The Marine Light Armored Vehicle is equipped with the new A-Two armor upgrade. It has heavier armor inside and out, an improved suspension to carry the extra weight, and an automatic fire suppression system to better protect the troops.
Colonel Kevin McCutcheon said, "This will be a tremendous asset in theatre in terms of protection for the war fighter. A more capable asset to of course put that shield of protection that each war fighter so desperately needs."
The vehicle has new armor hung on special holders around the LAV, and then another layer inside. "You can't put armor in certain areas, so there is an inside liner that goes into the crew compartment," McCutcheon said.

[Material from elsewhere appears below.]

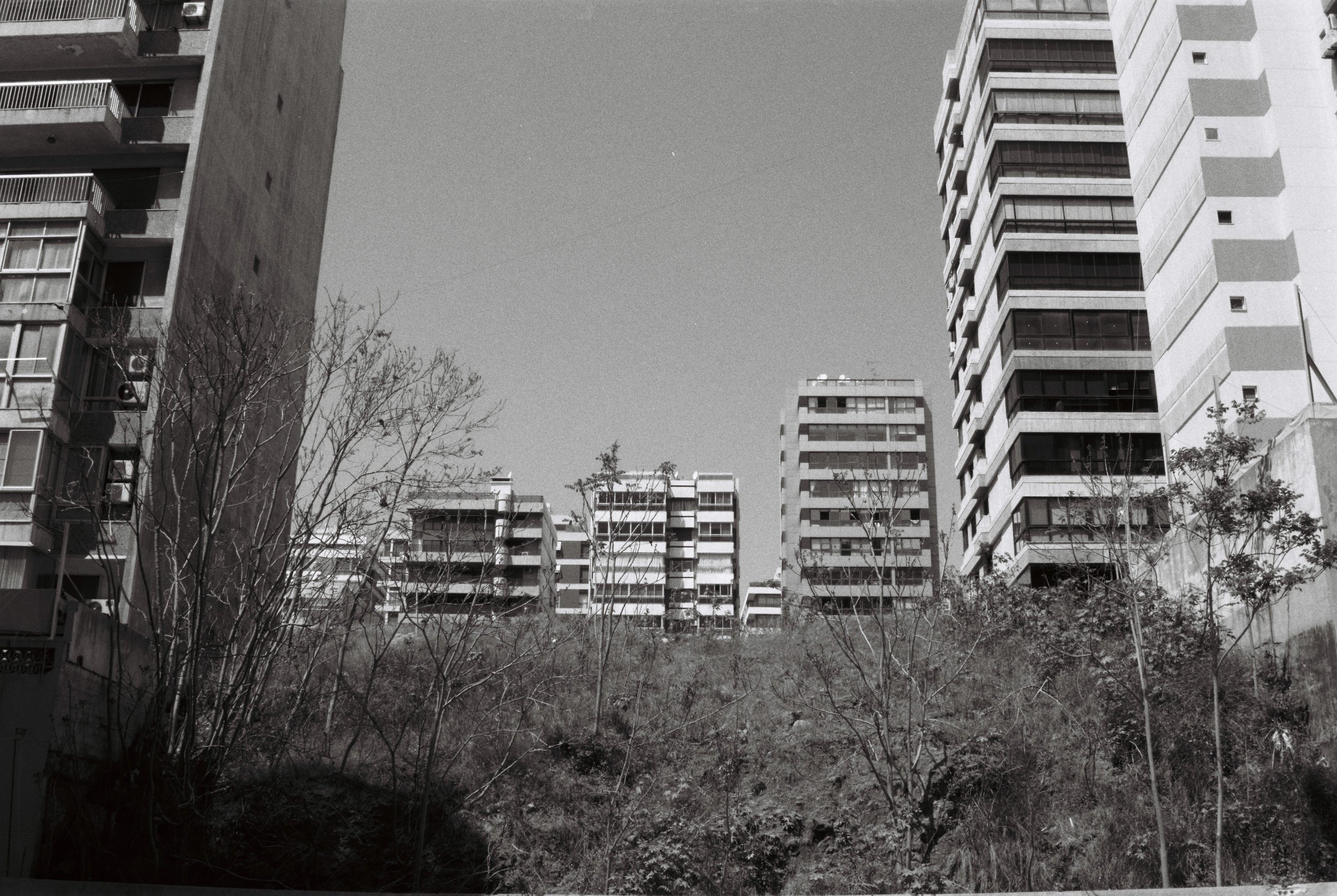 000021.JPG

So far, seven LAV's have been equipped with the armor upgrade. We went for a test ride, but to get a better feel for the real thing we put on the Marine's suit and flak vest, making it a real challenge to squeeze into the gunner's turret.
It's a tight fit inside this light armored vehicle, but you can tell once you get inside just how much protection it does offer. The LAV will run about 55 miles per hour, as the test ride goes around the Base's perimeter road.

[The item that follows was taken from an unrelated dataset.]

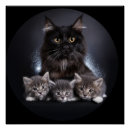 Buscar gato gótico posters Amante del gato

This vehicle will hold nine Marines, and with the new armor it will keep them safer. Project lead Heidi Roe said, "We pretty much put all around the vehicle, especially near the suspension system where it poses a threat from IED's."
Base workers on this project are working six days a week, twelve hours a day, to rush these vehicles to the war zone. "We are doing a lot of hours like you said, but it's well worth it, because we support our troops out in the field," Heavy equipment mechanic Scott Fowler said.
"A lot of them have sons, relatives, and grandchildren over there, and that just makes them put that extra effort into it, knowing that their relatives are going to be safe, and doing all that they can do," Roe said.
"The main focus for us is the troops. We want to make sure they have what they need when they need it," Welder Larry Benson said.
A dozen expert welders have been brought to Albany from other bases to speed up work on this project, and close to 100 new workers will be hired. Turning out high tech armor kits which Marines say will save lives.
Albany's Marine Base is the only facility building these upgraded armored vehicles now.